Below are records that hold pictures; write out only the lines from their start through the line with "Sofá cama clic", exactly, and drop the pictures.

**Captioned web images**
▬▬▬▬▬▬▬▬▬▬

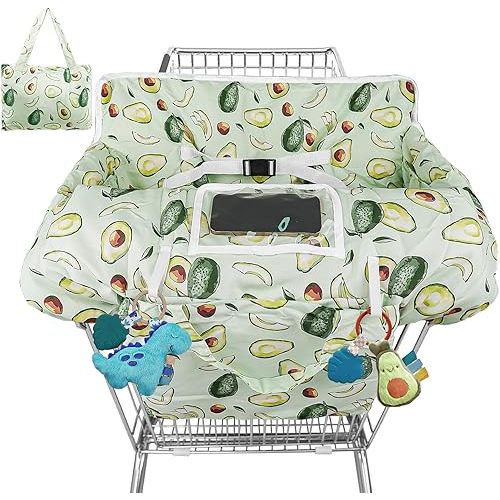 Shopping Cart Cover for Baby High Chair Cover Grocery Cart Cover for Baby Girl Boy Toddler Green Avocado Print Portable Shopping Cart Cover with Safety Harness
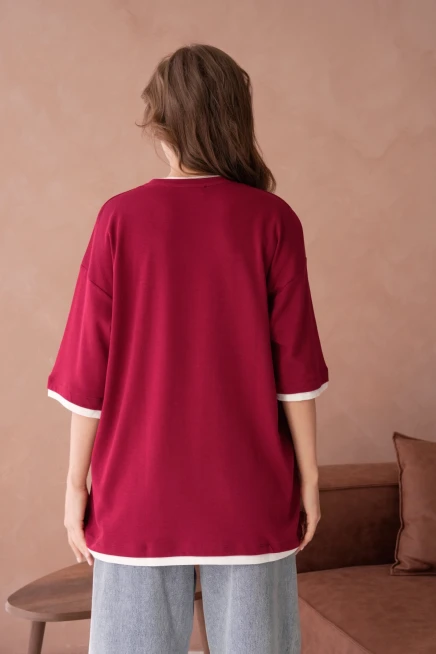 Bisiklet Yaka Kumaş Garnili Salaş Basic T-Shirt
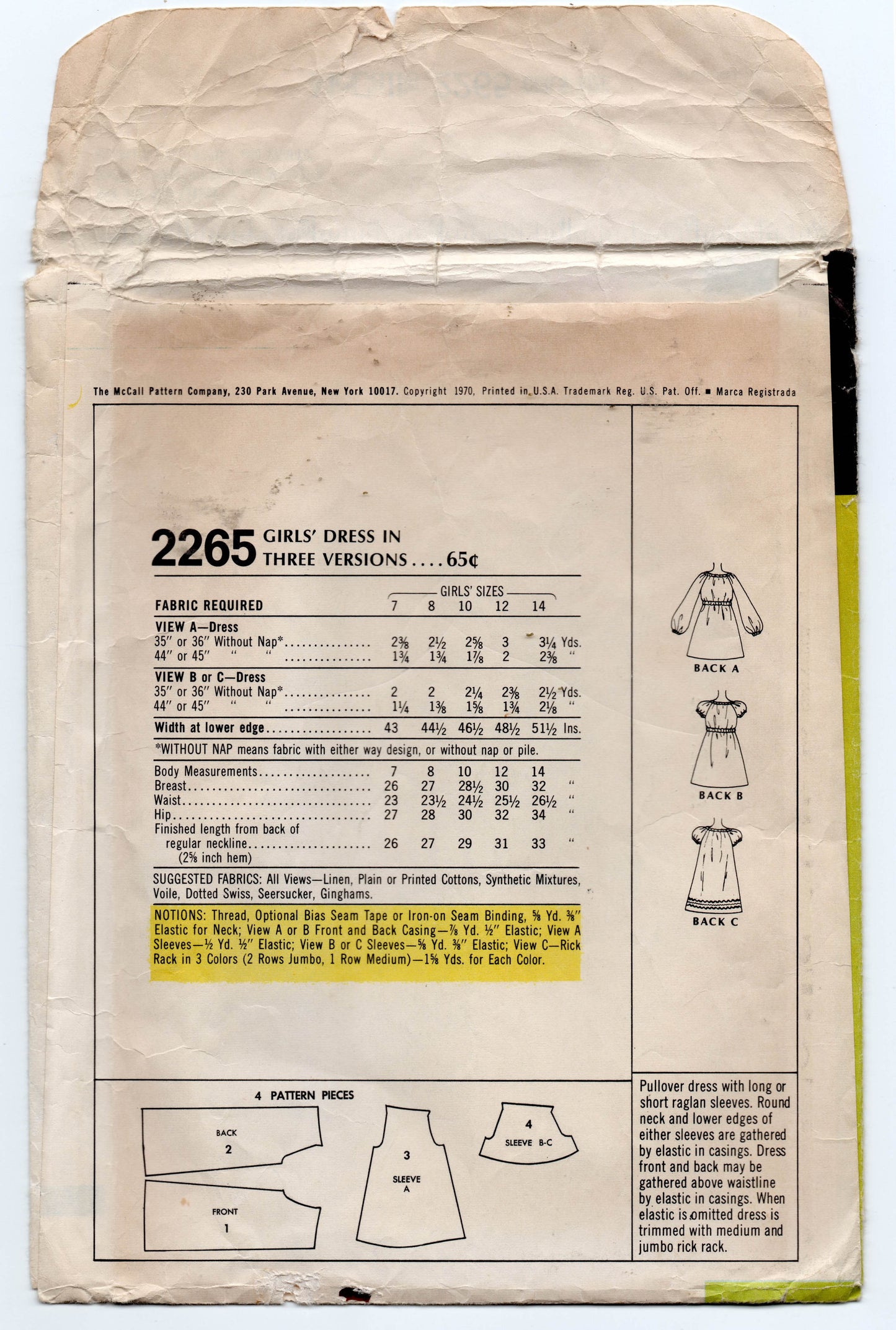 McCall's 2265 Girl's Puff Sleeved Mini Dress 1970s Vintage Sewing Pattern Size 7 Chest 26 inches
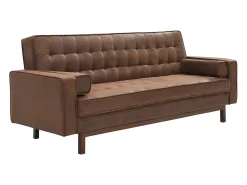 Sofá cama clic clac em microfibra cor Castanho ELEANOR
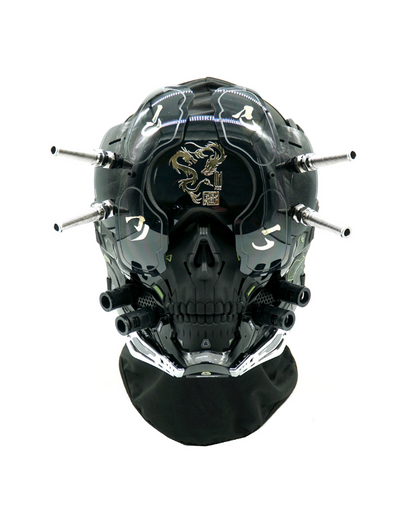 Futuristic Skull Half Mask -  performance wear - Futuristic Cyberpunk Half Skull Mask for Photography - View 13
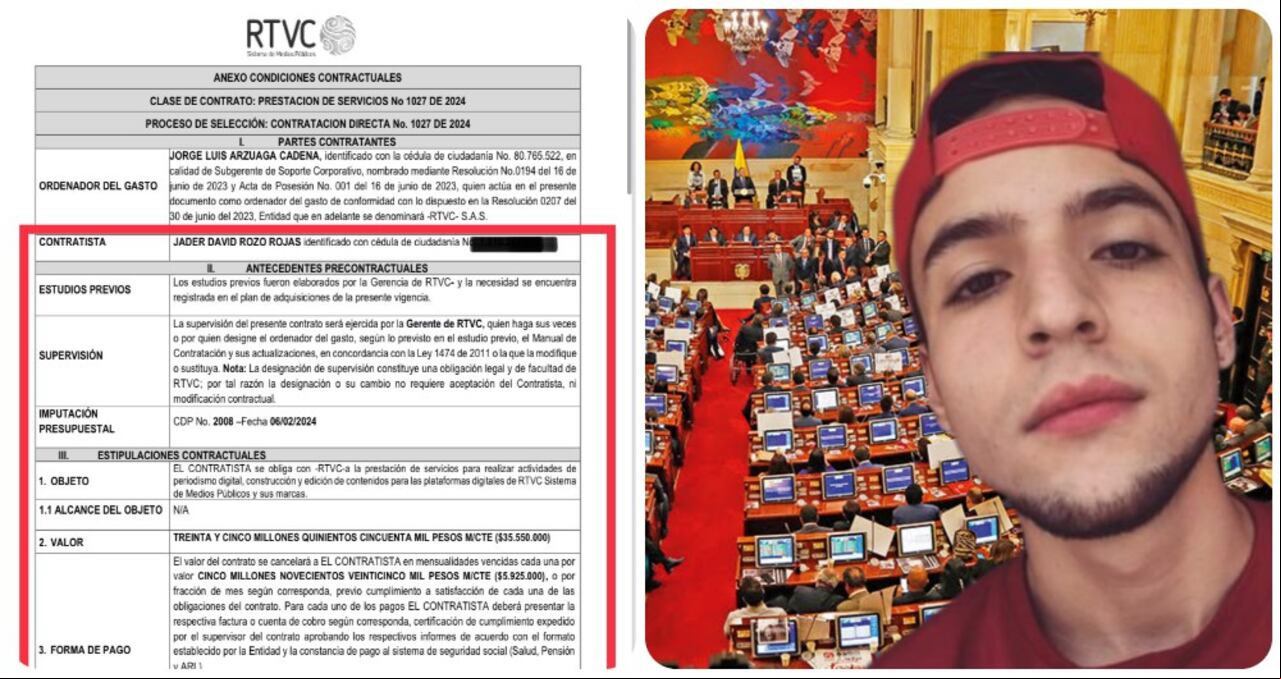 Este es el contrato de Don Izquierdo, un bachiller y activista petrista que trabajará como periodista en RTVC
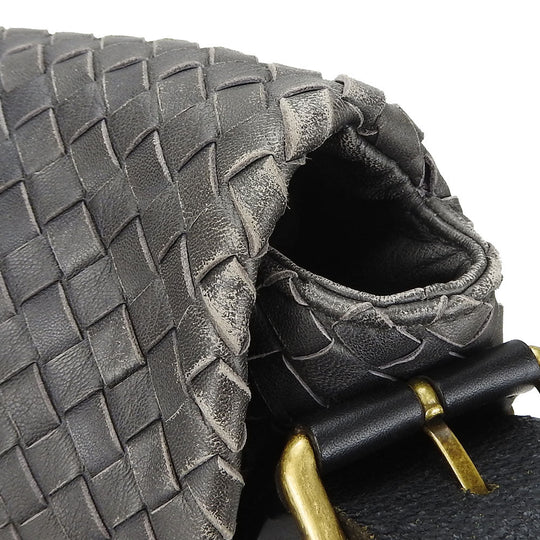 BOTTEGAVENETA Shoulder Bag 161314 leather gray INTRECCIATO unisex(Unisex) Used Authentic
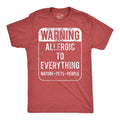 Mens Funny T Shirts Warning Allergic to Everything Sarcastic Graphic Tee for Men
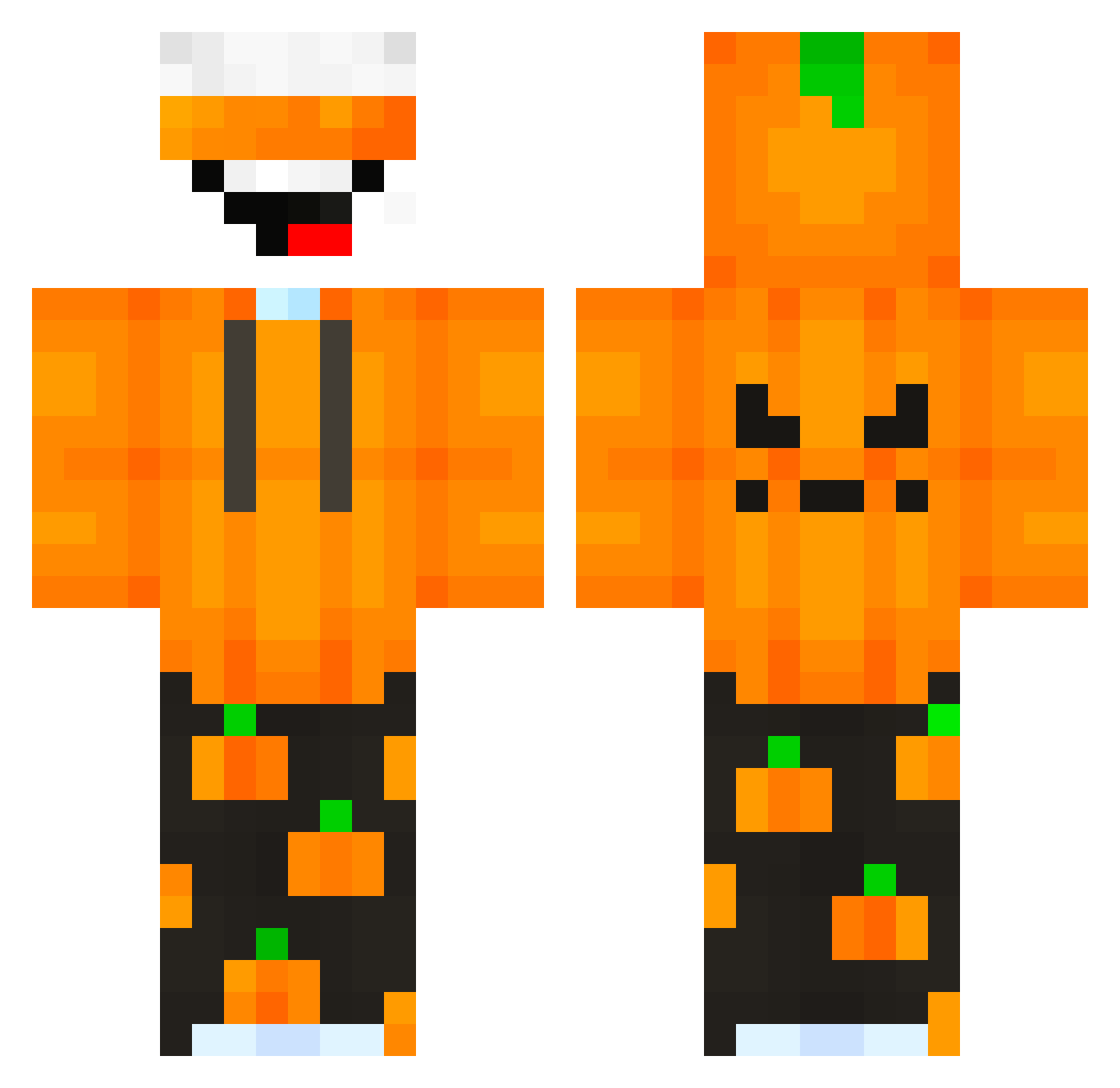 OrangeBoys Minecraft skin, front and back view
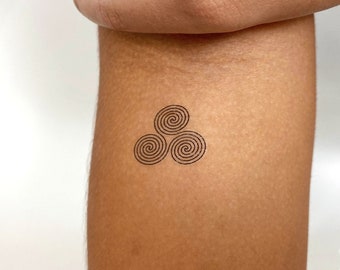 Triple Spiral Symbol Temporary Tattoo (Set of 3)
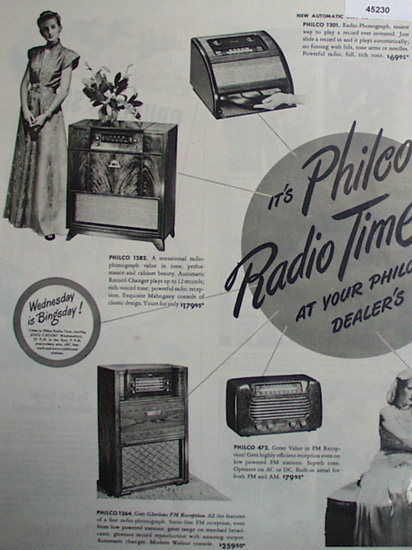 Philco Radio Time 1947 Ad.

▬▬▬▬▬▬▬▬▬▬

**Expected output**
 Shopping Cart Cover for Baby High Chair Cover Grocery Cart Cover for Baby Girl Boy Toddler Green Avocado Print Portable Shopping Cart Cover with Safety Harness
 Bisiklet Yaka Kumaş Garnili Salaş Basic T-Shirt
 McCall's 2265 Girl's Puff Sleeved Mini Dress 1970s Vintage Sewing Pattern Size 7 Chest 26 inches
 Sofá cama clic clac em microfibra cor Castanho ELEANOR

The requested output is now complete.